Edith Windsor, known by her friends and family as Edie, will long be remembered for her bravery and courage in the face of unlikely odds.

“I lost my beloved spouse Edie, and the world lost a tiny but tough as nails fighter for freedom, justice and equality. Edie was the light of my life. She will always be the light for the LGBTQ community which she loved so much and which loved her right back,” said Judith Kasen-Windsor, Edith’s second wife. The couple married in 2016 following Obergefell v. Hodges, which granted the right for all same-sex couples to marry in the United States.

Former President Barack Obama, who heralded Windsor’s victory as “a great day for Edie, and a great day for America” paid tribute to the civil rights icon in a statement released today.

“In my second inaugural address, I said that if we are truly created equal, then surely the love we commit to one another must be equal as well,” Obama said. “And because people like Edie stood up, my administration stopped defending the so-called Defense of Marriage Act in the courts. The day that the Supreme Court issued its 2013 ruling in United States v. Windsor was a great day for Edie, and a great day for America — a victory for human decency, equality, freedom, and justice. And I called Edie that day to congratulate her.”

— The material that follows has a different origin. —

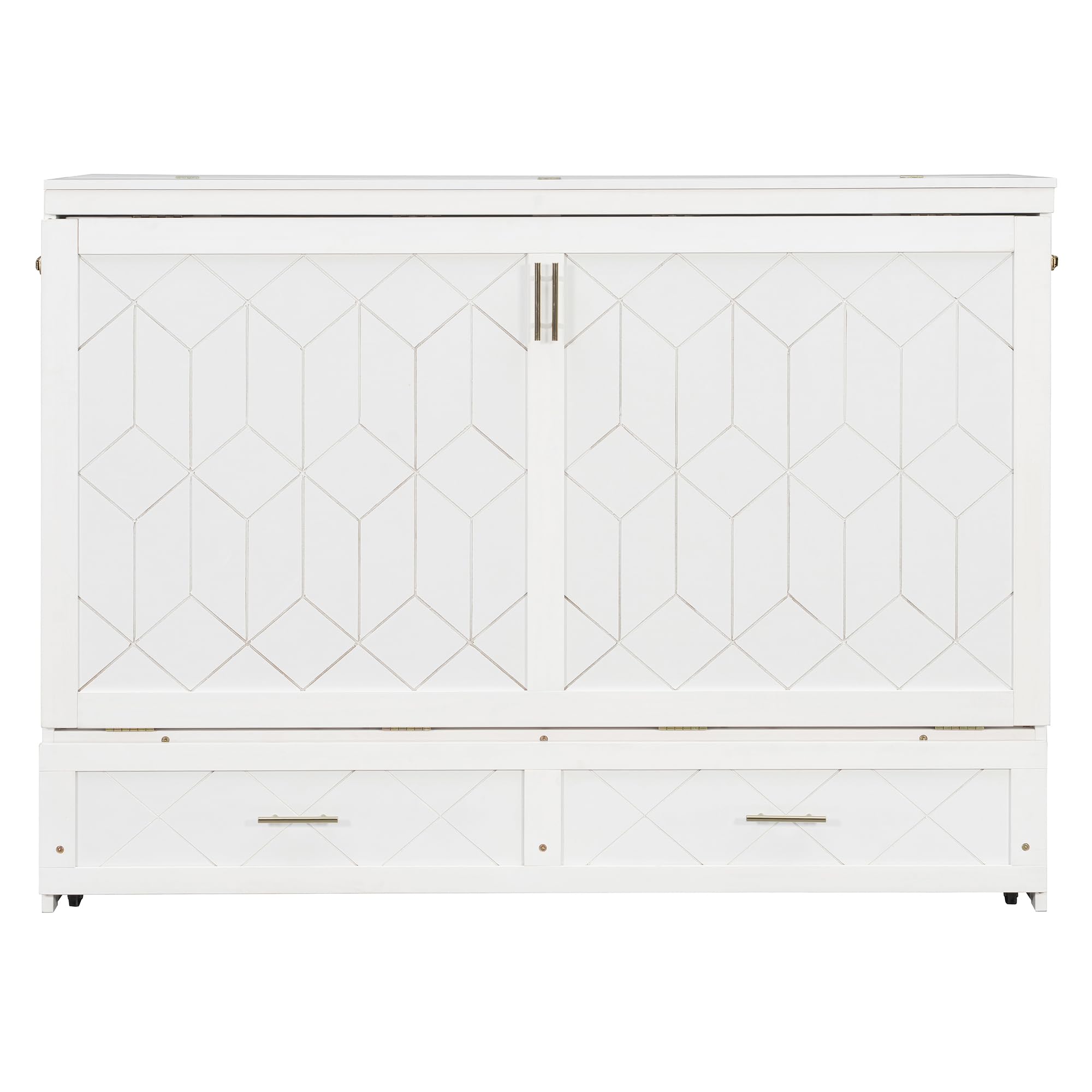 Merax Queen Size Murphy Cabinet Bed with Storage Drawers, Wall Murphy Bed with a Set of Sockets & USB Ports, Folding Platform Bed for Small Room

“Two years later, to the day, we took another step forward on our journey as the Supreme Court recognized a Constitutional guarantee of marriage equality,” he added. “It was a victory for families, and for the principle that all of us should be treated equally, regardless of who we are or who we love.”

Former President Bill Clinton also spoke of Windsor’s death, saying on Twitter: “In standing up for herself, Edie also stood up for millions of Americans and their rights. May she rest in peace.”

Windsor’s death was first reported by The New York Times. The cause of her death has not yet been announced.